Note that the RegInfo.ddf metadata repository created by the Data Restructuring wizard is referenced in the input section to define the fields. In this example, the output is sent to standard out (stdout) to display in the console:
Changing the SortCL job script produces the duplicate records.
In conclusion, the unstructured data we first structured in the IRI Workbench has now been re-structured once again in the same Eclipse GUI, and can be re-fit for any use.
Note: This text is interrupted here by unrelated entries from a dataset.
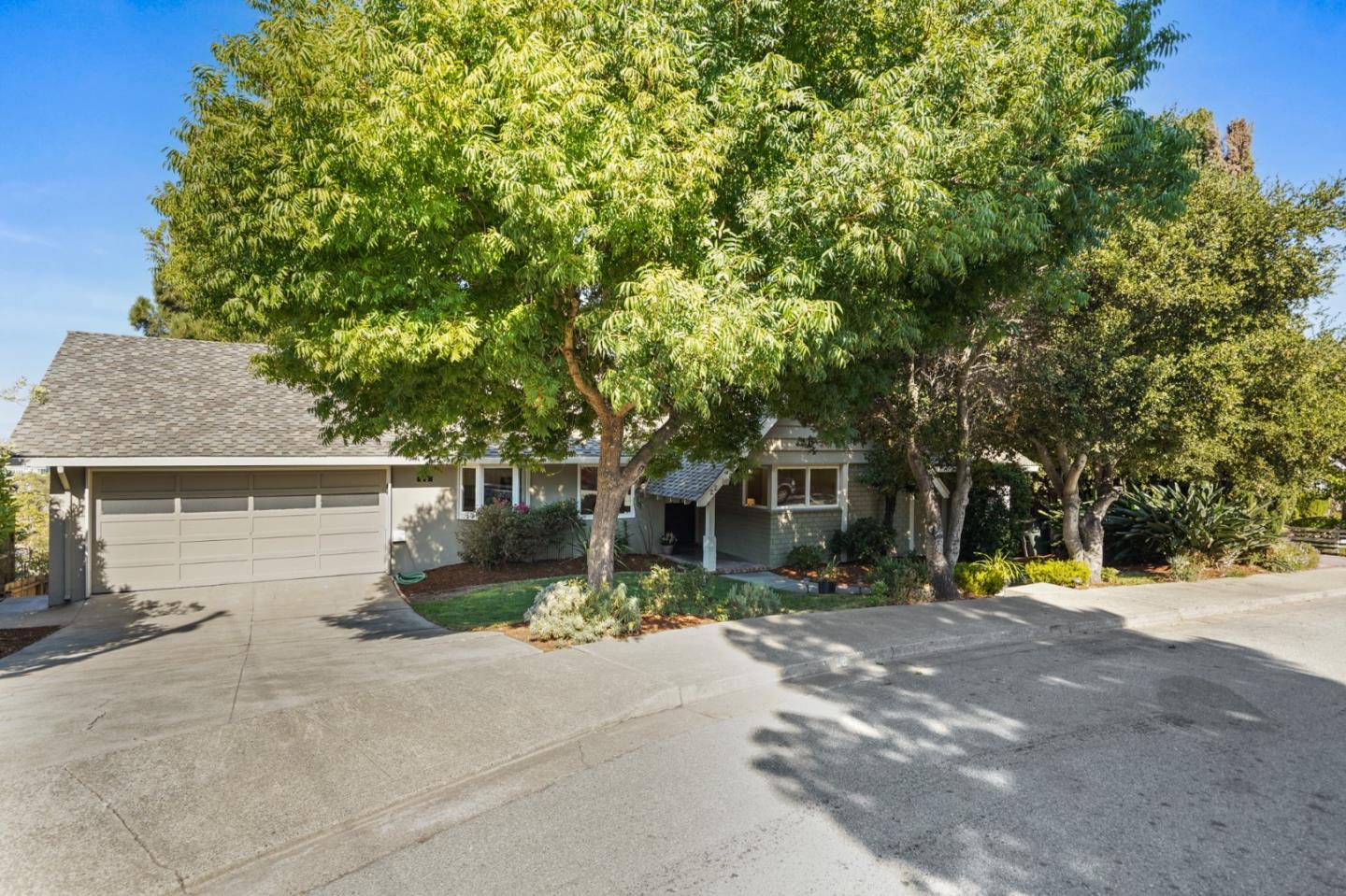 22 Del Rey Court San Carlos, CA 94070 - Photo 47 of 47 a view of a house with a outdoor space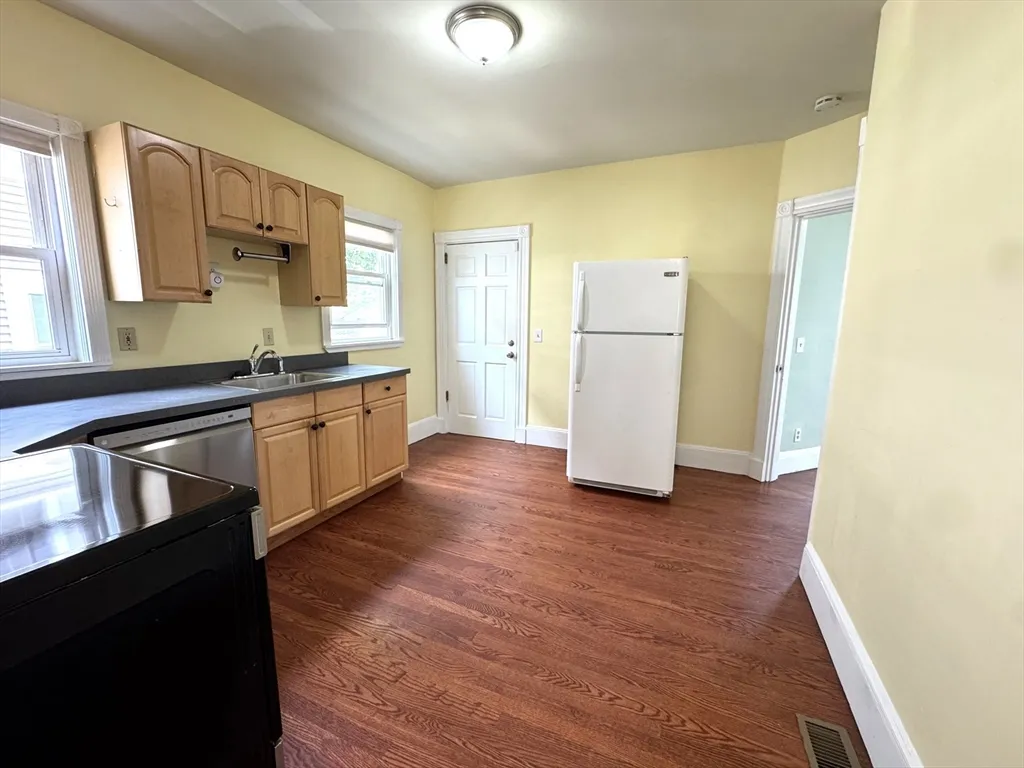2 bed, 1 bath apartment for rent at 72 Winchester St Unit 1, Medford — photo 3 of 22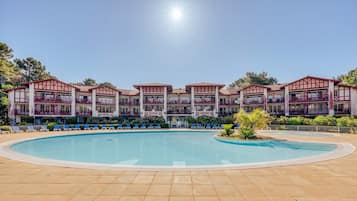 Apartamento | Piscina | Una piscina al aire libre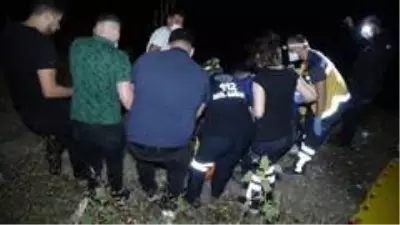 Alkollü olduğu iddia edilen şahıs kayalıklara düştü, ekipler kurtarmak için seferber oldu Alkollü olduğu iddia edilen şahıs kayalıklara düştü, ekipler kurtarmak için seferber oldu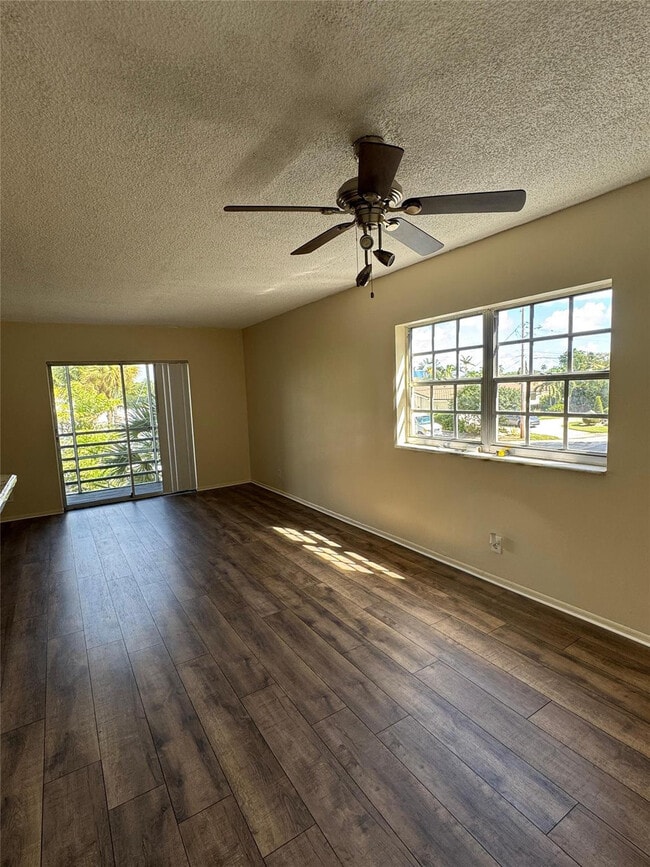 1407 NE 56th St in Fort Lauderdale, FL - Building Photo - Building Photo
There are in fact no limits to the possible permutations in, and purposes for, SortCL job scripts, nor in other IRI Workbench products that use .DDF files, including:
- IRI NextForm – for data migration, replication, federation and reporting
- IRI FieldShield – for data masking and encryption
- IRI RowGen – for test data generation
Let IRI know if you would like to see more packaging and provisioning manifestations of such big data processing, including ad hoc reports in BIRT, hand-offs to other analytic tools, pre-sorted bulk database loads, etc.
To see what unstructured data sources and dark data can be analyzed by the Data Restructuring wizard, visit our blog Finding Dark Data in Unstructured Sources. To see how to use the wizard to discover unstructured data, visit our blog Using the Data Restructuring Wizard to Unlock Unstructured Data.
2 COMMENTS
I understand that you can use CoSort or its compatible tools in the Workbench to process the data once it’s been flattened by the wizard. What kinds of transforms can I do, and why would it be more efficient to do them in CoSort than in a DB? And would be easier than SQL, a language I already know?
It would be more efficient to transform the data in CoSort (outside the database) if you have hundreds of thousands or millions of rows. The transforms it supports are shown in http://www.iri.com/solutions/data-transformation, along with the reasons why it’s faster. CoSort is a high-performance data movement and manipulation utility that runs in the file system (or if used in IRI Voracity for ETL, also in Hadoop) with I/O and memory-optimized, multi-threaded techniques atop specialized algorithms for sorting, joining, and aggregation that can be combined in a single pass. The language of CoSort, SortCL, is similar to SQL, but is actually easier to write and maintain (and works in the file system), and can be generated automatically by new job wizards in the free IRI Workbench GUI, built on Eclipse. In addition to running about 10 times faster with CoSort, new metadata conversion software from AnalytiX DS can also convert SQL jobs into SortCL script.